Ha llegado el verano, y con él un calor espantoso que quita el hambre e invita a la siesta. Los madrileños huimos despavoridos a las playas de Cai para quitarnos el bochorno a ritmo de Niña Pastori, que nos habla de patios y macetas, de nuestra hermosa herencia andalusí. En el mundo árabe, sin embargo, muchos no tienen acceso al mar, y con la llegada de la estación estival son los interiores de las casas los que se transforman.
Echo de menos mis veranos en Siria. Por entonces envidiaba a mis amigas con apartamentos en Benidorm que venían tostadas del sol en septiembre, mientras yo volvía más blanca que la leche. ¡Y qué calor! Mi familia me hospedaba donde podía, y no siempre eran los rincones más frescos de la casa. Nuestras vidas giraban en torno al aire acondicionado durante el día y junto al aparato antimosquitos eléctrico por las noches, que hacía un ruido espeluznante cuando los susodichos se acercaban a la inquietante luz.
Por eso, el mejor momento del día se daba tras la puesta de sol, cuando nos preparábamos para las visitas. Por fin mis primas y yo podíamos barrer las hojas que habían caído al patio, colocar las sillas en círculo, pasar el trapo a los pequeños taburetes de plástico donde depositar las tazas de café y sumergirme en los olores que venían de la cocina y en las canciones de Um Kulzum.
El verano era ese patio que bullía de vida con la llegada de los parientes: niños que gritan y corretean de un lado a otro, humo de cigarros, ruido de tacones que van y vienen, tazas y tazas de café que se acumulan en el fregadero. En ocasiones, especialmente en Ramadán, se preparaban auténticos banquetes y se repartían platos con warak inab, kebbe, macarrones y patatas fritas. A veces había tanta gente que te tocaba comer de pie y rezar para que no cayera nada al suelo.
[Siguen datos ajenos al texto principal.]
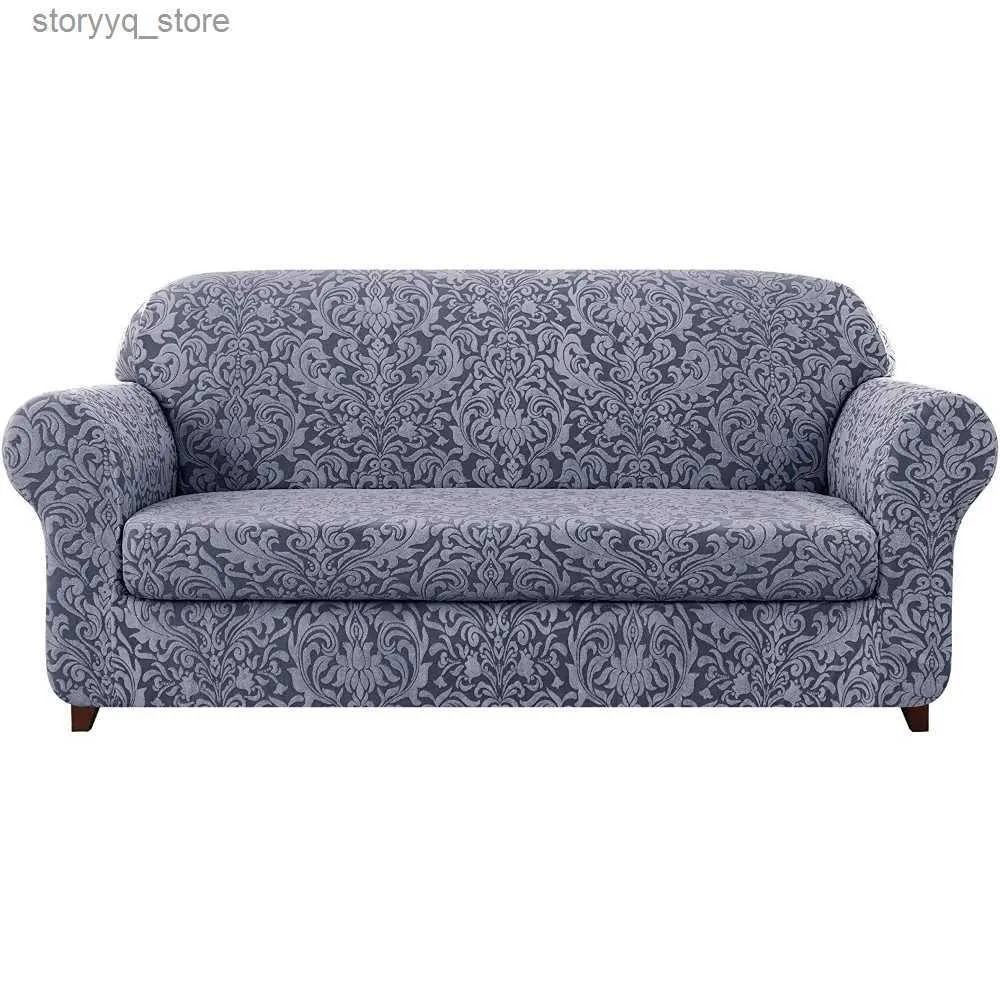 Chair Covers Stretch 2-Piece Jacquard Damask Sofa Slipcover Greyish Blue Covers for Living Room Couch s Q231130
Mientras sorteaba las preguntas incómodas (¿eres musulmana? ¿Vas a casarte con un musulmán? ¿Todavía no sabes árabe?), me concentraba en disfrutar de la comida y exponerme al acento local todo lo posible. Pero lo que más me gustaba era refrescarme con un buen plato de tabuleh y un vaso de airan.
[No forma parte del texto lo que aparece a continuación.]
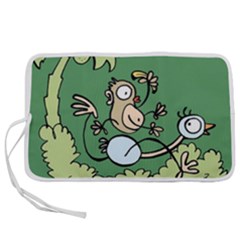 Ostrich Jungle Monkey Plants Pen Storage Case (l) by Bajindul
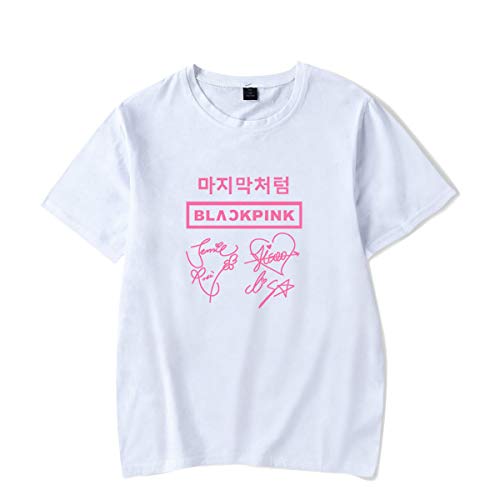 Blackpink Camisetas de Manga Corta Nombre Impreso Tops Unisex Verano Camisetas Lisa Jennie Jisoo Rose (2,S)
El tabuleh es un entrante compuesto por bulgur, perejil, tomate natural, menta fresca, cebolla, aceite, zumo de limón y/o vinagre y sal. En ocasiones se echa comino, pimienta negra o incluso canela. En casa de mis primas se preparaba en cantidades tan ingentes que utilizaban barreños para almacenarlo y meterlo en la nevera. Se sabe que lo elaboraban ya en tiempos de los caldeos, en la zona entre el Tigris y el Éufrates, y que ha viajado por la dinastía omeya, pasando por varias regiones del Mediterráneo hasta llegar a Al-Ándalus.
El airan, por otro lado, es una bebida hecha con yogur, agua, ramitas de menta fresca, ajo, sal y dos o tres cubitos de hielo. Es una bebida clásica de los beduinos del Asia Menor y se suele ofrecer a los invitados nada más llegar para refrescarse del asfixiante calor del desierto. ¡Podéis encontrar las recetas fácilmente buscando en Internet si habéis decidido quedaros en Madrid este verano!
Yo por mi parte prepararé tabuleh y airan con esa melancolía pegajosa de los veranos que dejé en Siria, alegrándome de que cobrarán sentido con el tiempo y atesorándolos como lo mejor de aquellos años que ya no volverán.